The log of logstash is:

'[DEPRECATED] use `require 'concurrent'` instead of `require 'concurrent_ruby'`
[2015-08-21 16:52:22.324]  WARN -- Concurrent: [DEPRECATED] Java 7 is deprecated, please use Java 8.
Java 7 support is only best effort, it may not work.
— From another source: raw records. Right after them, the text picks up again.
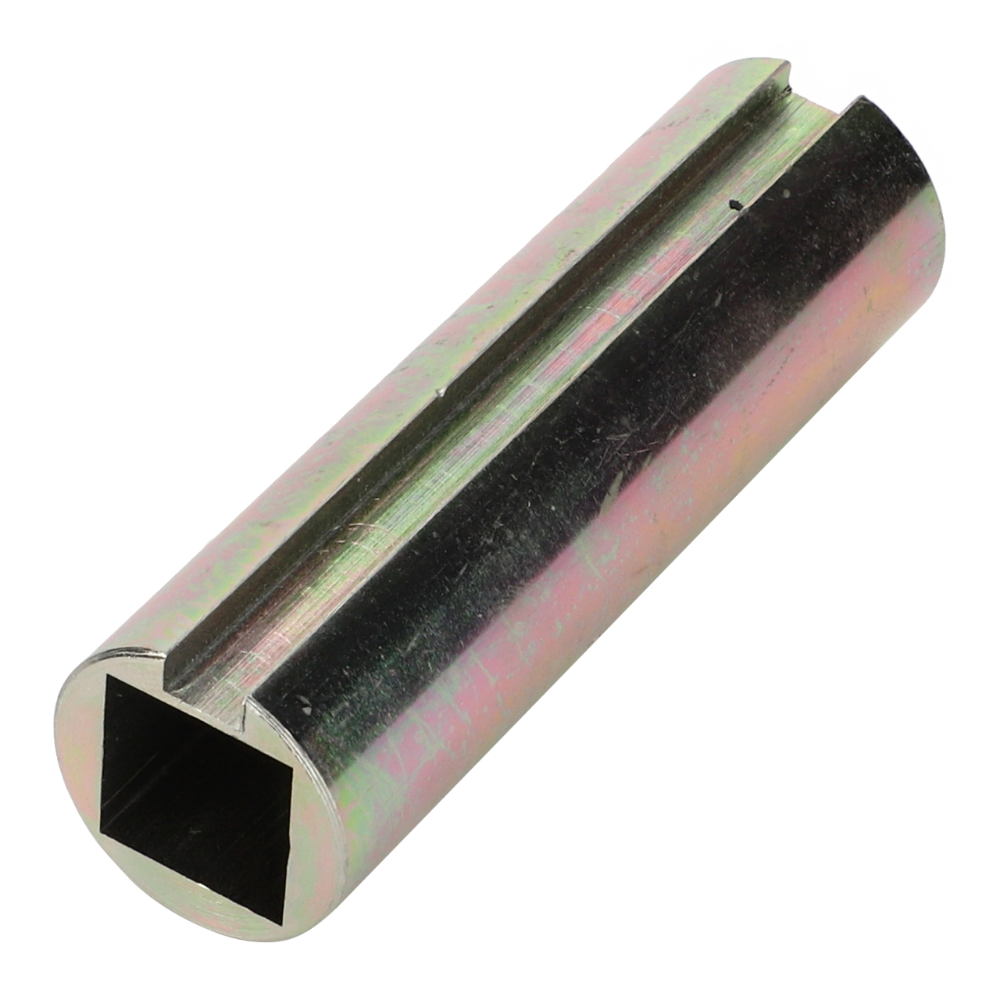 Втулка с пазом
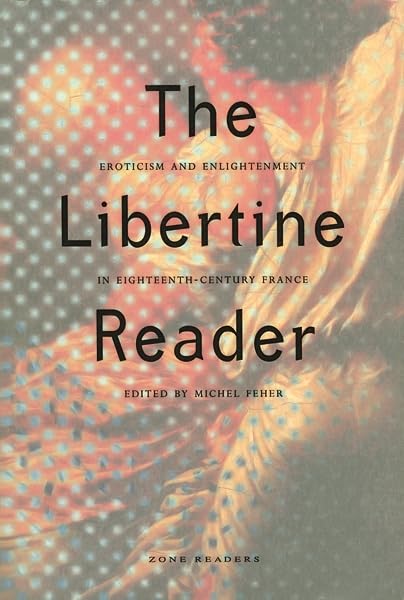 The libertine reader Cover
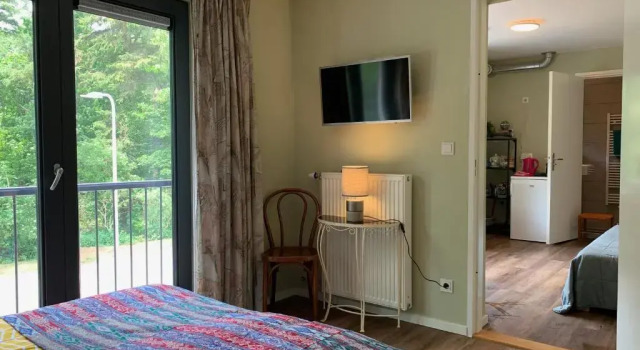 Номер Deluxe B&B de Ruijsvogel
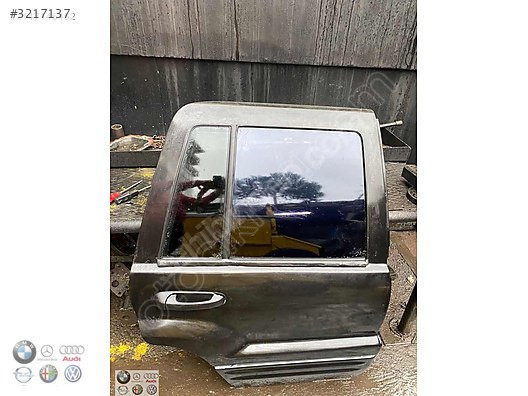 JEEP G.CHEROKEE SAĞ ARKA KAPI (DOLU) ORJİNAL - ÖZEN OTOMOTİV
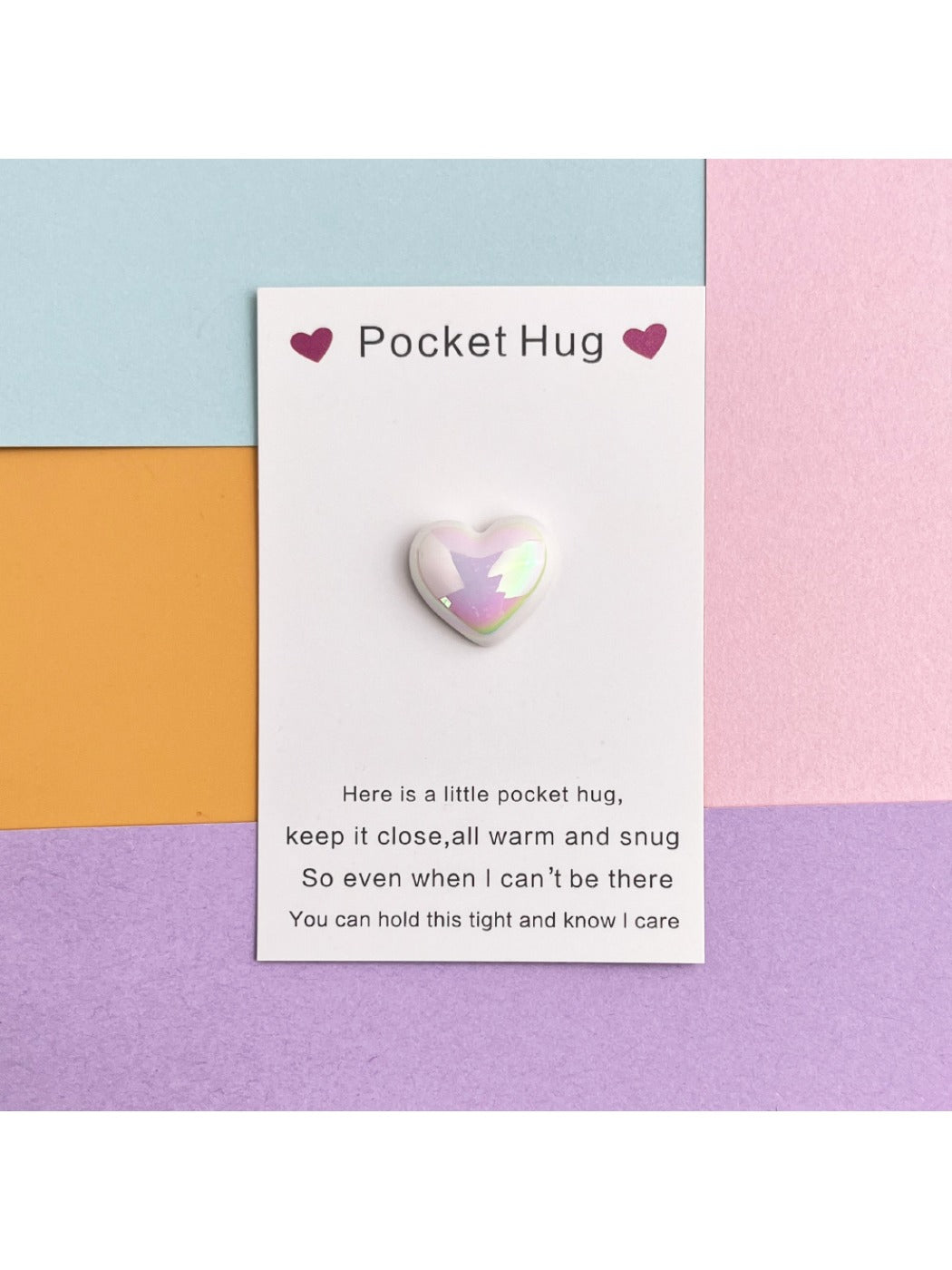 Taphug - Pocket Hug Adorable Mini Star
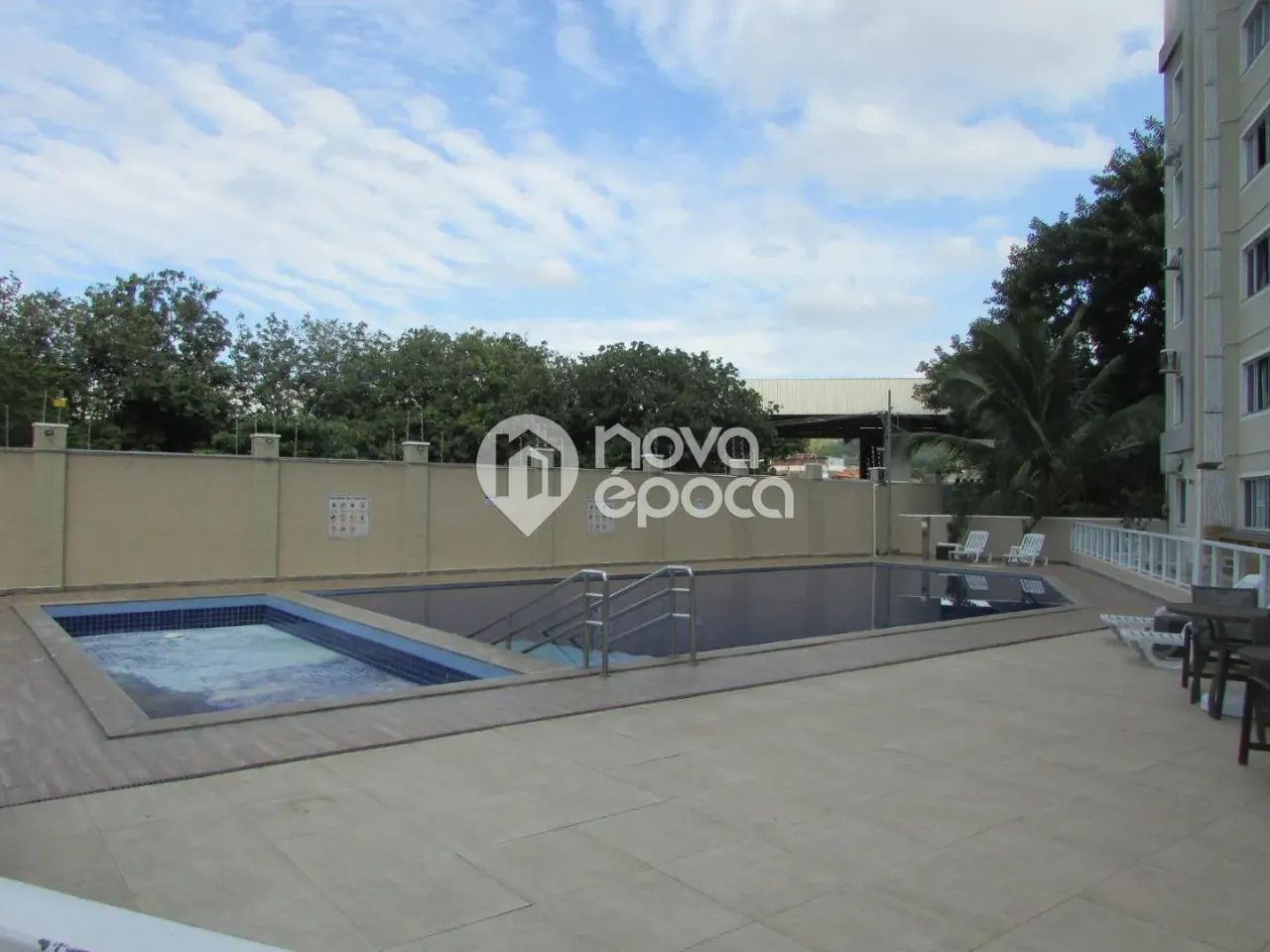 Colégio | Apartamento 2 quartos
It will be removed in next release (1.0).
{:timestamp=>"2015-08-21T16:52:22.444000+0200", :message=>"hdfs plugin is using the 'milestone' method to declare the version of the plugin this method is deprecated in favor of declaring the version inside the gemspec.", :level=>:warn}
..........................................................................................................................................................................................

The content of path_to/hdfs-site.xml is

<?xml version="1.0" encoding="UTF-8"?>
<?xml-stylesheet type="text/xsl" href="configuration.xsl"?>
<configuration>
    <property>
       <name>dfs.support.append</name>
       <value>true</value>
    </property>
</configuration>

The content of path_to/core-site.xml is

<?xml version="1.0" encoding="UTF-8"?>
<?xml-stylesheet type="text/xsl" href="configuration.xsl"?>
<configuration>

<property>
  <name>hadoop.proxyuser.mapr.hosts</name>
  <value>*</value>
</property>

<property>
  <name>hadoop.proxyuser.mapr.groups</name>
  <value>*</value>
</property>

</configuration>
nukemberg commented 9 years ago

path => "/path/in/hdfs/tweet-%{timestamp}.log" is probably a bad idea as HDFS is not well suited to many small files. Probably %{+YYYY.MM.DD-HH} is better - i assume you are using %{timestamp} for testing. The path shouldn't be maprfs://localhost:7222/path/in/hdfs/tweet-%{timestamp}.log but rather /path/in/hdfs/tweet-%{timestamp}.log - the reference to the filesystem is defined in core-site.xml in the property fd.default.name. Verify the configuration files and that hadoop_config_resources refers to them (or just omit it and make sure they are in the classpath).

In any case, i've never actually tested with maprfs, but it should work in principle.